今回の実証では、仮設住宅の居室内における居住者の在室や不在、転倒や特定の位置に長時間滞在している状態などの異常事態の検出について、能登半島地震に伴い建設された仮設住宅で実施した。
実証実験の概要
近年は激甚化する自然災害などにより予期せぬ事態が常態化しており、長期にわたって仮設住宅での避難生活を余儀なくされるケースが増加している。
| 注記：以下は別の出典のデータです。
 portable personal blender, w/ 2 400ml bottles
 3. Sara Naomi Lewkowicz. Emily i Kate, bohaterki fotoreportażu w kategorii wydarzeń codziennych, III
そうした生活では独居高齢者の安否確認や入居の長期化に伴う健康面とプライバシーの確保が重要になっており、それらを解消するための巡回や訪問の人手不足は深刻な社会課題となっている。
3社はこうした課題の解決に向けて、石川県能登町のご協力の下で仮設住宅の居室内にミリ波レーダ装置を設置し、家具などの障害物がある環境下でミリ波による見守りについて検証を実施した。実証期間は3月10日(月)~6月9日(月)。
実証実験内容と検証結果
実証では、居室内の寝室として利用される洋室の床面から1.8メートルの場所にミリ波レーダ装置を設置し、居住者の位置を点群データとして捉え、リアルタイムにクラウドへ転送した。その後、「ミリ波レーダ見守りシステム」に搭載された富士通独自のAIでデータを分析した。
これにより、居住者の在室 / 不在、居室内での滞在位置や行動量をヒートマップや時間別のグラフデータとして可視化するとともに、転倒などの異常事態をAIで検知する検証を行った。
その結果、介護施設や商業施設などとは建材が異なる仮設住宅においても、同程度の性能で居住者の状態を検知でき、居住者へヒアリングした実際の状況とも差異が無いことが確認されたという。